Mexico City (AFP), Oct 8 – The United States and Mexico began talks Friday on overhauling their joint fight against drug cartels, during a visit by a high-level delegation including US Secretary of State Antony Blinken.

President Andres Manuel Lopez Obrador has said Mexico no longer wants helicopter gunships and other weapons to combat drug traffickers, urging the United States to invest in regional economic development instead.

On his first visit to Mexico as the top US diplomat, Blinken, accompanied by a delegation including US Homeland Security Secretary Alejandro Mayorkas, held a working breakfast with Lopez Obrador and other top Mexican officials.

“I believe that together we will be able to enter a new phase” in relations, Lopez Obrador said in opening remarks at the National Palace, reiterating an invitation to US President Joe Biden to visit Mexico.

After a tour of the building with Lopez Obrador, Blinken said that he had “a very powerful vision for where that relationship can and should go.”

Washington has indicated that it is ready to revamp a 13-year-old program called the Merida Initiative that provided US military firepower, technical support and security training.

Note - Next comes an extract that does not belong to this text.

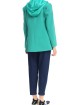 Голубые джинсы MAX&CO: фото 4 Голубые джинсы MAX&CO: фото 4 - Invogue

US, Mexico seek to revamp fight against drug cartels » Capital News

Mexico says it no longer wants helicopter gunships and other weapons from the United States to fight drug cartels, calling for a new approach © AFP/File / PAUL J. RICHARDS

“We believe we are due for an updated look at our bilateral security cooperation,” State Department spokesman Ned Price said.

Washington wanted to see the “significant gains” made by the Merida Initiative “preserved, that that cooperation is deepened and that we have an updated approach that accounts for the threats of today,” he said.

The Mexican government wants to scrap the Merida Initiative.

“We don’t want it to be like it was before when they brought us a helicopter gunship and a photo was taken of the US ambassador with the president,” Lopez Obrador said in June.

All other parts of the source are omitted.